Vaterschaftstests – immer beliebter

Zuviele Männer wurden früher zu Unrecht zu Unterhaltszahlungen verdonnert, die sie eigentlich nicht hätten leisten müssen. Auf der anderen Seite gab es aber auch genug Väter, die sich erfolgreich um die monatlichen Zahlungen gedrückt hatten, und die ehemaligen Partnerinnen damit in arge finanzielle Schwierigkeiten brachten.

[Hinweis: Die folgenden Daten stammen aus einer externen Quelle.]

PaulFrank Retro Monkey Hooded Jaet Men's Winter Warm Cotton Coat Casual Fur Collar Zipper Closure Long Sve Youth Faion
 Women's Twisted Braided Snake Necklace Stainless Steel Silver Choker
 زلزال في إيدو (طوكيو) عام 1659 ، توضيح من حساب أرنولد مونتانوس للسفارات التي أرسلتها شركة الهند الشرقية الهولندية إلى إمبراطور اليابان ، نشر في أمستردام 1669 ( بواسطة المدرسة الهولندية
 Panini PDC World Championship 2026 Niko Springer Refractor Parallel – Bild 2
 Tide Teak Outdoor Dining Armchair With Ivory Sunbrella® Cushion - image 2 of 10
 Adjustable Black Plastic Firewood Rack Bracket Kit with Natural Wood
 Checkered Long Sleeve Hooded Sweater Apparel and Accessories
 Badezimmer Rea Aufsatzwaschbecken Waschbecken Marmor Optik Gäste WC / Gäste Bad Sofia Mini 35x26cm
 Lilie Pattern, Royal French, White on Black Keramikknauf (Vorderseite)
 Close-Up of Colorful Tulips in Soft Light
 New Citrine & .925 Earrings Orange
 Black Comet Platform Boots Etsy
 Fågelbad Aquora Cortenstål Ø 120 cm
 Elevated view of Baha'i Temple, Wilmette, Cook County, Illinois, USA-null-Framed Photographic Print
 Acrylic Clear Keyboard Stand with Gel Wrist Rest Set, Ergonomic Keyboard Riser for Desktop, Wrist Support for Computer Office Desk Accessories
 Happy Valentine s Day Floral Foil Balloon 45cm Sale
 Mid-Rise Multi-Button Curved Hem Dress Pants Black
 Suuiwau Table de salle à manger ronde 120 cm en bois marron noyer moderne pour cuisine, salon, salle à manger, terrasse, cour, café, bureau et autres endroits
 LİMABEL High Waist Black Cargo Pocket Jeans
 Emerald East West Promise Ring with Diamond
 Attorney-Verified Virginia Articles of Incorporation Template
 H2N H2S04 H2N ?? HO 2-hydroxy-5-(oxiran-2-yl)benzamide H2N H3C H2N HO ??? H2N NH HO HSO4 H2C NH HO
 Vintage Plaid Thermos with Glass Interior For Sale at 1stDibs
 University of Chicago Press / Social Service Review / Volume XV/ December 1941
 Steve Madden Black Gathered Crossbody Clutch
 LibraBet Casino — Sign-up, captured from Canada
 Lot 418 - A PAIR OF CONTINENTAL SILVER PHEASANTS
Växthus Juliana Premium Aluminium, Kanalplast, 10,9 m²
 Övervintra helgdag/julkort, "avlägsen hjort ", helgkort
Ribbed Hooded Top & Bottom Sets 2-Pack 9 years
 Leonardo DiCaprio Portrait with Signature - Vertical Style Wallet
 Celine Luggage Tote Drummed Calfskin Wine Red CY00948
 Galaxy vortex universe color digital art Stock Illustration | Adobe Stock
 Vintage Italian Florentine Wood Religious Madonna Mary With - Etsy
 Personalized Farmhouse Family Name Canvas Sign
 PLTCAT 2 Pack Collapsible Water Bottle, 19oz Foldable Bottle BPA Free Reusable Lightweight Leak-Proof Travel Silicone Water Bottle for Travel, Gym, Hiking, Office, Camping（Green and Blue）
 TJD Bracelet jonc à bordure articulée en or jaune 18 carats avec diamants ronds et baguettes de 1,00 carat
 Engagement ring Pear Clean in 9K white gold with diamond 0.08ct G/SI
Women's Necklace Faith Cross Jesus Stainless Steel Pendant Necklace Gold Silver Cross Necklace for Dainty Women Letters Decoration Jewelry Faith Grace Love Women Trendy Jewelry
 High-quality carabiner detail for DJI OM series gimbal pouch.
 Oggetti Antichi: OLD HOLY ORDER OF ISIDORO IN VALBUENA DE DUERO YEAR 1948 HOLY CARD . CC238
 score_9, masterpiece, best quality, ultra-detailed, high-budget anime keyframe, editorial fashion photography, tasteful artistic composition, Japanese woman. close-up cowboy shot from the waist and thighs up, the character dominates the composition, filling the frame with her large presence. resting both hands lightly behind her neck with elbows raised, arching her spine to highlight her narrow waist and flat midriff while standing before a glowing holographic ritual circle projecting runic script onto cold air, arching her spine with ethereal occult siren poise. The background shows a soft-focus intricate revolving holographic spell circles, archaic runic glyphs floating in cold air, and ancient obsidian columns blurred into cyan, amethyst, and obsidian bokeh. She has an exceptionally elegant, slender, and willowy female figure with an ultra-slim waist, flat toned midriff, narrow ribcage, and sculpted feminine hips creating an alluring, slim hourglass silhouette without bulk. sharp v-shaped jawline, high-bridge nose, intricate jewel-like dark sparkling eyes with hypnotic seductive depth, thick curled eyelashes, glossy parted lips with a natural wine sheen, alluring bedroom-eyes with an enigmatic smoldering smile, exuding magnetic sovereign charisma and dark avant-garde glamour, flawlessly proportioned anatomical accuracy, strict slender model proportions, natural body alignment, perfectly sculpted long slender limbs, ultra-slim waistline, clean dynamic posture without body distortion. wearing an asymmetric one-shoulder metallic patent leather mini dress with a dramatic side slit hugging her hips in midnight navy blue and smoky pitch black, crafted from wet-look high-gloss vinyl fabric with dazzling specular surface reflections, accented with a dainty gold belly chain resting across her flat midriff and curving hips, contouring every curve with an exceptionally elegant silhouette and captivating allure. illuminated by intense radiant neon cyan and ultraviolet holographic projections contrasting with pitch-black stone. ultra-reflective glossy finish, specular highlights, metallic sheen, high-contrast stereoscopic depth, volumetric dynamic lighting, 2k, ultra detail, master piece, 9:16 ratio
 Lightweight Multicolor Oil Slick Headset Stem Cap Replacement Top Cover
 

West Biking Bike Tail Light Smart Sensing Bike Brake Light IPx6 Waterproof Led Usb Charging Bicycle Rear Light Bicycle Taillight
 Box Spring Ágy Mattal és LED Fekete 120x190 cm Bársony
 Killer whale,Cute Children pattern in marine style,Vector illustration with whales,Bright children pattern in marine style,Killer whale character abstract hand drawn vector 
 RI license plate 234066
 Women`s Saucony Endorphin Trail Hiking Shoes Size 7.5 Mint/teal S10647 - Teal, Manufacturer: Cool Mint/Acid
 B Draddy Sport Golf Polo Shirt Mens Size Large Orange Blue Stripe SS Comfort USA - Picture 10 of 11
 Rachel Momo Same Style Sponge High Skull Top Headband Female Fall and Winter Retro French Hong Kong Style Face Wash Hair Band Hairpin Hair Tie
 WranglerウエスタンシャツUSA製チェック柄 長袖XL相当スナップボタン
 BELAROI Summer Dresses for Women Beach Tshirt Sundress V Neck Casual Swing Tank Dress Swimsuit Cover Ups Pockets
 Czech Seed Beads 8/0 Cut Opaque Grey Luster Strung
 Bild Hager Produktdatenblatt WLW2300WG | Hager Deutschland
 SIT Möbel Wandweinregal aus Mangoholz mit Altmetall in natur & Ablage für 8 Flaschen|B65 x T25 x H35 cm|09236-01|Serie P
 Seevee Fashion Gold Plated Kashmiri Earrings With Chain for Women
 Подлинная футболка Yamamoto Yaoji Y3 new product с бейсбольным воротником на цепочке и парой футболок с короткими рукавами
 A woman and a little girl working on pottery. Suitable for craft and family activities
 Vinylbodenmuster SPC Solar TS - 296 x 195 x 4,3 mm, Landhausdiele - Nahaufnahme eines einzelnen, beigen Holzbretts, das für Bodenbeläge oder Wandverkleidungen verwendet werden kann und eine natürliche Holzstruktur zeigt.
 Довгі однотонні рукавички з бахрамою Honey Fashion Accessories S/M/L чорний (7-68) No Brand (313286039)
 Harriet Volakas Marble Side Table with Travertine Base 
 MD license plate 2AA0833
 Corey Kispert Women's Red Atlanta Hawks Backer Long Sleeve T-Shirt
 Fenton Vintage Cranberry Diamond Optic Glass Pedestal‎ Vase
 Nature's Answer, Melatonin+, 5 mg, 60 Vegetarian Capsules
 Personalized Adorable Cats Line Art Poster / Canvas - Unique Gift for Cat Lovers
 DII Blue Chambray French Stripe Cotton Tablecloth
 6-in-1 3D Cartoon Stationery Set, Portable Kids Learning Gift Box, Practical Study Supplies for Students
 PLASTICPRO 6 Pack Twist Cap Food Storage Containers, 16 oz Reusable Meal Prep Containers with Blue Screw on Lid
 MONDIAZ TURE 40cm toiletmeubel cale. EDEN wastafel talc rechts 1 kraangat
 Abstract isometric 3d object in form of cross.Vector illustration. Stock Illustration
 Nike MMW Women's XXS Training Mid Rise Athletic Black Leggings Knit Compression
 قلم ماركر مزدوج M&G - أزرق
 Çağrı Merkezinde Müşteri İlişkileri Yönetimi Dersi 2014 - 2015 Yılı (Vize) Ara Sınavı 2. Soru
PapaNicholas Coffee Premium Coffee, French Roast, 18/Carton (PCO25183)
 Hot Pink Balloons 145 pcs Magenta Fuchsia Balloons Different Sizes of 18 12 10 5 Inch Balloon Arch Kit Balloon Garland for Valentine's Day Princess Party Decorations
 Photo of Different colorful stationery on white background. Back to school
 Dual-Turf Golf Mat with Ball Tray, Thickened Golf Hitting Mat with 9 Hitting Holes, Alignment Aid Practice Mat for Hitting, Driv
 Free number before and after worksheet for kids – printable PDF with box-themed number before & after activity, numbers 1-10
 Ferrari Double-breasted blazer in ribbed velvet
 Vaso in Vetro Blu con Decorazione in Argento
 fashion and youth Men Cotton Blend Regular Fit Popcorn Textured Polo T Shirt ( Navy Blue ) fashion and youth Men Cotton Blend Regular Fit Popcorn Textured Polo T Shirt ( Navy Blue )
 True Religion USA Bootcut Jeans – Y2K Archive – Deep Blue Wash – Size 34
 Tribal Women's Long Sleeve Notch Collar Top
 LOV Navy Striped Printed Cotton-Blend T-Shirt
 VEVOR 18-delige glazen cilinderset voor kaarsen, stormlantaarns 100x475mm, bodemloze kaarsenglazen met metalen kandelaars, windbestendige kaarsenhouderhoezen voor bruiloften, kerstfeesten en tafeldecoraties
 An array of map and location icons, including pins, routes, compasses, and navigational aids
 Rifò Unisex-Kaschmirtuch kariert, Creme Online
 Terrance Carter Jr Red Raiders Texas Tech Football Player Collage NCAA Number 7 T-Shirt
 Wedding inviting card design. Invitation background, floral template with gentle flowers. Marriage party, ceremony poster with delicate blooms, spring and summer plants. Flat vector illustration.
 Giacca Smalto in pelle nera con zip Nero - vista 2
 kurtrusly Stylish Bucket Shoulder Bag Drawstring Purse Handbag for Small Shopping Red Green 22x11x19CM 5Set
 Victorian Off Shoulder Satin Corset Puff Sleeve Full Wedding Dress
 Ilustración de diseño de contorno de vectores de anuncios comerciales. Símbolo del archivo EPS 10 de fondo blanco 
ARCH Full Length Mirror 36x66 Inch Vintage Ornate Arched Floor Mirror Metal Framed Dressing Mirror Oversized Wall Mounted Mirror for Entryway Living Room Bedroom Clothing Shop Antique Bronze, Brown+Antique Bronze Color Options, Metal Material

Mittlerweile sind Vaterschaftstests sehr einfach durchzuführen und kosten auch nicht mehr die Welt. Bei der Suche im Internet kann man die einzelnen Anbieter am besten vergleichen. Durch die große Konkurrenz sind hier sehr günstige Angebote zu finden.

Da man für den Vaterschaftstest kein Blut, sondern lediglich eine Speichelprobe benötigt, kann man natürlich auch einen Schnuller oder die Zahnbürste des Kindes an ein entsprechendes Labor schicken. Dieser heimliche Vaterschaftstest, der ohne die Einwilligung der Mutter erfolgte, kann jedoch nur der eigenen Gewissheit dienen. Vor Gericht werden heimliche Vaterschaftstests in der Regel nicht anerkannt.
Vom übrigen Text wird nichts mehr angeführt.